- Smooth ride and crisp handling without payload sacrifices the features of a luxury SUV
- Above-average fuel economy for the class
- No factory-installed bedliner option
- Four-speed automatic has fewer gears than competition
The 2008 Chevrolet Silverado has moved upmarket without forgetting about its work-truck roots.
The Silverado is Chevrolet’s full-size, light-duty pickup truck. It was completely redesigned for 2007, and changes for 2008 are relatively minor. Like most of the other full-size pickup models, such as the Ford F-150, Dodge Ram, and Toyota Tundra, the Silverado is available in a wide range of models—including three different cab styles, and two different interior designs—to suit the needs of everyone from contractors and farmers to style-conscious commuters who need towing or hauling ability for the weekend.
The engine range goes the distance to an all-aluminum, 6.0-liter V-8 cranking out 367 horsepower, though the popular 315-hp, 5.3-liter V-8 will offer enough power for most needs and comes with Active Fuel Management to help improve fuel economy. While the Silverado’s engines are fully competitive, its line of four-speed automatics is a bit behind the five- and six-speed competition. But for many shoppers, its steering and handling are at the top of the pack and help make the big truck feel less cumbersome on real streets.
Features are also a Silverado strong point; it can be optioned up with nearly everything that might be available in a luxury SUV.
2008 Chevrolet Silverado 1500
GM doesn’t stray much from its safe zone in styling, but offering two different interiors should be enough to satisfy everyone.
The Silverado was completely redesigned for 2007, and while the back end of the truck looks very familiar, the front end sports a completely new look. It shares elements—including the steeper windshield—with the full-size Tahoe SUV, but this time the Silverado takes a slightly different tack in front, including “vertically-stacked headlamp elements, heavily flared front fenders, and the largest Bowtie badge that we’ve ever seen on a Chevrolet,” according to Autoblog.
Four Wheeler noted that the Silverado’s styling is now significantly different than that of its mechanically identical sibling, the GMC Sierra, with different front ends, headlamps, and taillights along with different bedsides and box designs. “To our eye, the GMC looks stockier and brawnier than in the past, the Chevy perhaps a bit sleeker and aerodynamic,” Four Wheeler said.

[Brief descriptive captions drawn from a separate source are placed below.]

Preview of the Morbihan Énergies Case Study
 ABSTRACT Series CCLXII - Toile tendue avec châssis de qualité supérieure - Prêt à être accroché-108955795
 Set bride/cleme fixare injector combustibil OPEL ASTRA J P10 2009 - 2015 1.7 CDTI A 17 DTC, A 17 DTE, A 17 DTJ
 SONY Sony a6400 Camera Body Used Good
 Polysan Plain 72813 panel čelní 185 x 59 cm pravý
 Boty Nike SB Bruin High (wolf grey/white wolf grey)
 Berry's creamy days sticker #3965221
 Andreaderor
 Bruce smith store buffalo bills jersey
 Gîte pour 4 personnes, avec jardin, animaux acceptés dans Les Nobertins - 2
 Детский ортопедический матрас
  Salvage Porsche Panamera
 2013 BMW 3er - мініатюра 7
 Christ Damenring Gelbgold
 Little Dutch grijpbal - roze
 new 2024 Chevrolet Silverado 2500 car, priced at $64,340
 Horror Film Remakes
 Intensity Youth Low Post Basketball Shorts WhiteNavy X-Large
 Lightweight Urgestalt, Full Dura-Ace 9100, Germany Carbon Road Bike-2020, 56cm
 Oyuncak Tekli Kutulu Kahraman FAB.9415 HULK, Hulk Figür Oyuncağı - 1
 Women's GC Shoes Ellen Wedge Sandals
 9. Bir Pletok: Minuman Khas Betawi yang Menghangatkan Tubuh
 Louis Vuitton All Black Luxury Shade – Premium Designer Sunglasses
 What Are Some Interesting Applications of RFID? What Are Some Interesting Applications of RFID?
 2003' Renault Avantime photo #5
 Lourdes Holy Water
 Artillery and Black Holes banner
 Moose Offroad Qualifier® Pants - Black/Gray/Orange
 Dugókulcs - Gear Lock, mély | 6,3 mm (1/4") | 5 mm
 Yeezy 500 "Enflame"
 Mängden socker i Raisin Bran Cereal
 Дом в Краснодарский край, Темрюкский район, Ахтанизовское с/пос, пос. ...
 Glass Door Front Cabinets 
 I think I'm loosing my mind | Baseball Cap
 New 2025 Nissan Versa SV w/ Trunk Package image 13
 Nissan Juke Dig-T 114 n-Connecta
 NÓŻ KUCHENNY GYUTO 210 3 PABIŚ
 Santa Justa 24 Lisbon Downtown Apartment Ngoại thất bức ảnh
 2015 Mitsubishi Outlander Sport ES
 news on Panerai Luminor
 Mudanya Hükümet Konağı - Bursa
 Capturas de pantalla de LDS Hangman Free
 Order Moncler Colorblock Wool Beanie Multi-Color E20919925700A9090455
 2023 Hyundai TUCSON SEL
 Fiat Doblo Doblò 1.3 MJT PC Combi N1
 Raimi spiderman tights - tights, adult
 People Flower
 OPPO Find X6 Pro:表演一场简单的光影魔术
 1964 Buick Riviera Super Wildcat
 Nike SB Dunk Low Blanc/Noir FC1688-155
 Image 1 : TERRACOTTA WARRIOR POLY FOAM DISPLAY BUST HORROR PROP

Car and Driver criticized the Silverado’s “cheesy mirrors,” which always occupy space in the driver’s peripheral vision. But Autobytel complimented the mirrors as very useful: “With mirrors properly adjusted, small cars stand little chance of getting lost from view when merging, and the tall rear window affords a good look at what’s going on behind you.”
Inside, the new design is more radical—for a pickup. The Silverado offers two different interiors: a luxurious one on the LTZ, or the work-oriented Pure Pickup setup on the WT or LT. Both interior setups won favor with reviewers. The LTZ’s interior found critical praise for its carlike setup, though some pointed out that those with work gloves on would have to remove them to use some of the controls.
Consumer Guide summed up the difference as follows: “The Pure Pickup interior places radio and climate controls high on the dashboard, just out of easy reach. The available luxury interior mimics that of Chevy's Tahoe and Suburban large SUVs, with controls mounted lower but in easy reach."
2008 Chevrolet Silverado 1500
The 2008 Chevrolet Silverado may miss a shift or two, but it steers and handles better than virtually any other pickup, ever.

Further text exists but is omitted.